The Clarke continues to be delightful, developing at a leisurely pace, but so sure in structure and tone with sharp hints of big stuff to come it doesn’t feel like a rudderless boat but like a big train gradually building speed and velocity.

Delight: when the main character is finally brought on stage, it’s only for a few lines. The chapter is a story about someone else. BG info dump as story.

But I have to stop now, or I’ll stray into spoiler territory.

Besides, there was a fun topic brought up by sdn here this morning that threw me back into well-trod but enjoyable mental paths. What if one were to organize a con? Or rather, the programming track of a con?

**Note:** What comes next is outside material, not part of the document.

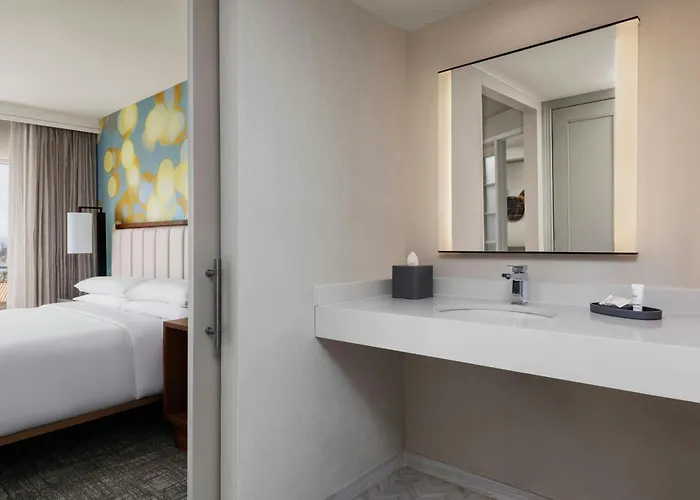 Anaheim Marriott Suites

Actually, I’ve done both-not big ones, but I’ve co-organized two Mythcons, actively helped with many others, co-organized one SFRA con, and seem to be an advice person for next year’s, as they’ve taken a surprising number of my suggestions. (“They” being my spouse and his academic bud Dave Meade, down in Texas, so that’s maybe not so surprising.)

Supposing I were program chair at a big con.

Going past wish-fulfillment (hiring Christopher Lee to read bedtime stories at the very end of each day, so one can sail off to untroubled sleep on the tide of images from “The Prize Giving at Market Snodsbury,” say, or “Piper at the Gates of Dawn”) into reality.

Where do I begin? With the fact that there are two things that appeal to me on panels: discovery and exploration. Discovery draws me to panels about subjects whose periphery I’ve just brushed, but I still don’t really see my way in. Had I been at Worldcon I would have attended that Anglo-Saxon panel because I am lamentably ignorant on that subject.

So there’s a topic right there: Northernness--What is it, what should one read, and who uses it well in modern literature?

Discovery. What about the new horror, which seems to be reemerging among younger writers? I see it but I don’t read a lot of it because I’m a wuss about horror. Too much of it in real life, I just keep avoiding it in fiction, even when someone tells me it's good. Then there are all the nifty on-line sites where more young writers are emerging, shaping story in new forms, and I can’t keep up with them all. How about the interstitial gang-is there really a there there, or is it more of “what we like” as the New Weird seems to be? Again, I just don’t know enough to formulate any kind of panel ideas and of course what am I missing altogether? Yeah, cool movements in graphic novels-manga-lots of things I simply haven’t had the time to explore yet. And then there is SF: space opera I know, but I don't know hard sf much. Singularity...alien encounter...Gwenyth Jones. AH. So many tracks right there.

Exploration of subjects I do know something about.

One that seems to me, anyway, to lend itself to several different panel topics is Patrick O’Brian. So maybe that would be the panel topic: Patrick O’Brian. Covered would be sources he drew on, from Cochrane and Marryat to Jane Austen at the fiction end, as well as various nonfics; how he fits into the writers who find the post-war-one world so grievous they escaped either back into history or into a other world (Tolkien would come up here, among others); why does he appeal to fans?

Oh, but what about just discussing his writing-how and why it works? No, no, don’t stray into a writing con, that would require a completely different approach.

How about a panel on the Dunnetteers-the writers whose work shows a very strong influence from Dunnett (who in turn shows a very strong influence from Dorothy Sayers). What elements do the newer writers pick and explore, and why does it work for the modern readership? I don’t mean just the Lymond idolizing (and character torture) or maybe there is an entire panel in that, too: Chartor and women. What about it?

Then there’s Fantasy of Manners. I really think there is a whole con here, for those interested in the subject. First a track on the background books-we’d have to spend a couple hours on the history of literature--then the contemporary books, what is it, why it works, when it doesn’t work and why, which works are subversive of the status quo and which reinforce it, and then an entire track on writing. Hoo dawggies I would travel a long way to attend that.